The Supreme Court of Washington specifically adopted this view in Hillside Community Church, Inc. v. City of Tacoma, 76 Wash.2d 63, 455 P.2d 350, 353 (1969).
Commissioner Johnson commented in his dissent that broadcasters "have created a system in which immediate access is granted to one, privileged class of applicants: the commercial peddler of goods and services. * * * We have an individual right of access, all right, but only for hucksters of industrial garbage." Democratic National Committee, supra Note 1, 25 F.C.C.2d at 233.
Moreover, it is by no means clear that a broadcasters' ban on "controversial" advertising does not impermissibly open the door to a sub rosa discrimination among controversial ideas. The term "controversial" is extraordinarily vague. Some advertisements may not be deemed "controversial" — and may not even be "controversial" for purposes of the fairness doctrine — but may still express ideas, the negative of which would surely be labeled "controversial." Ads for Radio Free Europe or Army recruiting, for example, may be allowed unanswered on the air, while ads calling the notion of the "free world" a sham or ads calling the Army a threat to democracy would be banned entirely. The line between ideological and nonideological presentations is an almost impossible one to draw. All too often in our society one particular ideology — that of passivity, acceptance of things as they are, and exhaltation of commercial values — is simply taken for granted, assumed to be a nonideology, and allowed to choke out all the rest.

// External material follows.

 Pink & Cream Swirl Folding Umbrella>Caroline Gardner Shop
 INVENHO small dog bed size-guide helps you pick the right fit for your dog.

In Wirta v. Alameda-Contra Costa Transit District, supra Note 45, 64 Cal. Rptr. at 435, 434 P.2d at 987, the California Supreme Court made the same point very forcefully, and provided several telling examples:
"* * * A lumber company may advertise its wood products, but a conservation group cannot implore citizens to write to the President or Governor about protecting our natural resources. An oil refinery may advertise its products, but a citizens' organization cannot demand enforcement of existing air pollution statutes. An insurance company may announce its available policies, but a senior citizens' club cannot plead for legislation to improve our social security program."

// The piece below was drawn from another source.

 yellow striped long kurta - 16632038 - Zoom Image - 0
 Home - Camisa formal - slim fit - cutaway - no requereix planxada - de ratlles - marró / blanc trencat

See generally C. Waxman (ed.), The End of Ideology Debate (1969).
Thus the editorial advertising ban, particularly when licensees accept advertising generally, establishes an unmistakable infringing of First Amendment liberties. The Commission and the broadcasters, then, bear a very heavy burden of justification. Whether we require a "compelling" justification, an "overriding" justification, or a "clear and present danger" is relatively unimportant.
It being established that there is a strong and specific First Amendment interest in editorial advertising and that the policies discriminatorily barring such expression work a prima facie violation of constitutional principles, we must consider the countervailing considerations raised by the Commission and the broadcaster-intervenors. In order to justify the policy at issue, they must show some very substantial harm that would be caused by acceptance of editorial advertising — a sort of harm great enough to override the First Amendment interests at stake and a sort of harm not already involved in the acceptance of commercial and "noncontroversial" advertising. Only such a showing could convince us that the ban on editorial advertisements is supported by sufficient countervailing values and is not based solely on the content of the ideas conveyed.

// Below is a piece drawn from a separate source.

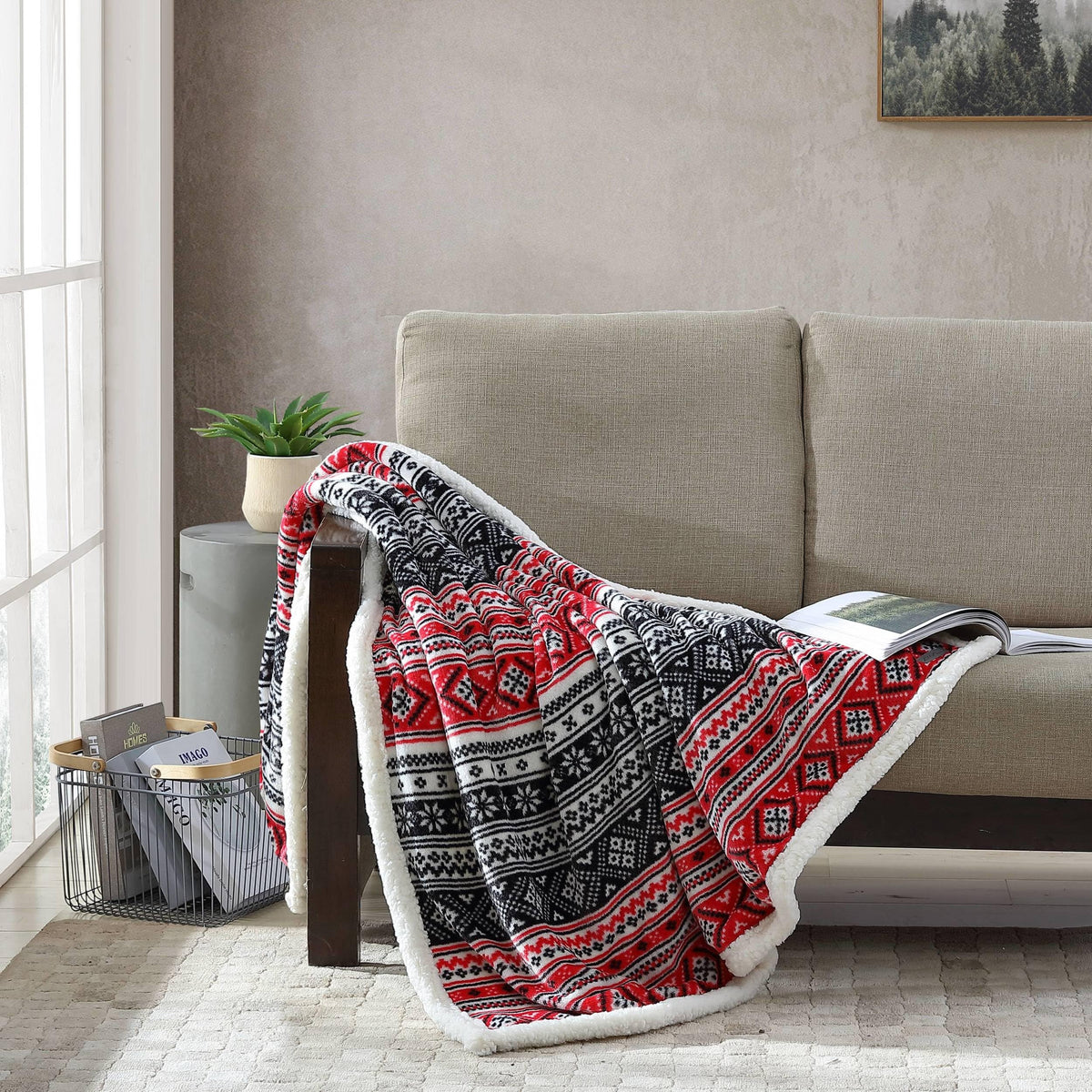 Eddie Bauer - Embossed Plush Throw Blanket for Couch or Bed, 50 x 60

The Commission and intervenors have begun from the assumption that our holding for petitioners would deprive broadcast licensees of their highly prized editorial independence and control over their frequencies, giving editorial advertisers a right to air time which commercial advertisers do not presently have. They have argued that petitioners seek the right to "grab the mike" from broadcasters' hands. The result, they say, would be a three-fold disaster. First, they foresee "`a return to the chaotic situation of radio's early days'" when too many hands grabbing for too few mikes made successful broadcasting impossible. Second, they argue that compulsory acceptance of editorial advertising would allow a few rich individuals or groups to buy up great blocks of time to purvey views on only one side of important issues, thus grossly unbalancing the broadcast station's treatment of those issues. And third, they point out that broadcasters compelled to accept editorial advertisements on one side of an issue would then be required by the fairness doctrine to accept at least some advertisements on the other side — free of charge if necessary. Provision of such free advertising time, they say, would cut into the broadcasters' revenues and might bring financial collapse.
Statement of attorney for intervenor Columbia Broadcasting System at oral argument before this court.
Brief for the Commission in Case No. 24.537 at p. 12.
The arguments of the Commission and intervenors fall well short of the mark. The reason is that they have apparently misunderstood the narrowness of the issue here. All that we are considering is the permissibility of a total, flat ban on editorial advertising. All petitioners ask is that broadcasters be required to accept some editorial advertising. They do not advocate an absolute right to air their advertisements. As the Red Lion Court made clear, there could not be any such absolute right because advertising time, like all broadcast time, is severely limited. See text at page 655 supra. Under the Communications Act, broadcasters are not "common carriers" obliged to accept any advertising message that is submitted. And petitioners do not argue that they should be. What petitioners do argue is that editorial advertisements should at least be considered and that some should be aired.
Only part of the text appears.